As with politics, one’s stance is a matter of preference and most mainstream modes are appropriate. The problems lie in the extremes: let’s call them radical UCD and radical persuasion design.

On graduation, I found the business world laughable. I saw otherwise intelligent people wrapped up in circular rituals of ‘doing business’, oblivious to customer disinterest. My cynicism lasted until I discovered user-centred design and realised there were others who shared my viewpoint. From that point, I saw user experience as a refreshing break from the almost Fordist attitudes I’d witnessed, where business tried to create the market and efficient production appeared more important than demand.

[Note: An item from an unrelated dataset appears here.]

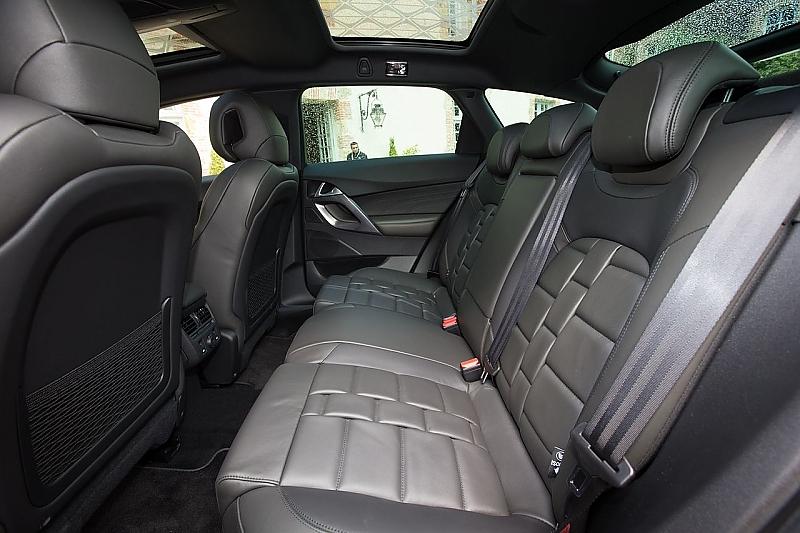 Schicke Sitze im Fond aber wenig Platz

My mindset was naive, but I stand by the principle. One of the things that excites me about UCD is that it isn’t only a mode of design: its values amplify the voice of those previously ignored, who now form part of our network economy.

The success of UCD has sustained demand for user experience design skills, and the land rush has continued in 2010. UX is becoming a cookie cutter add-on for digital agencies and I rarely meet a web designer now who doesn’t claim UX proficiency, although not all can articulate what that means. And it’s not just the designers: I also see back-end developers,SEO professionals and marketers rapidly appending these two magical letters to their CVs.

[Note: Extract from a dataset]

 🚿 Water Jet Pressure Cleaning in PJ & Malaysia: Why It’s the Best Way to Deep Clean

Many of these people do have genuine user empathy and knowledge of the diverse skills required of UX design. Many do not. I welcome them to the field regardless and hope we can all learn from each other. However, I am concerned at the expansion of the User Experience label to include activities I see as contrary to the values of user empowerment. In particular, I’m worried about persuasion design. Although it’s a powerful and topical approach, I also believe it has the potential to severely damage our industry.

A political model of design

Interaction designers often advocate design as an agent of behaviour change. Jesse James Garrett frames this as an extension of the classic information architecture v interaction design debate, with IA optimising for the way people think, and IxD attempting to drive particular user actions.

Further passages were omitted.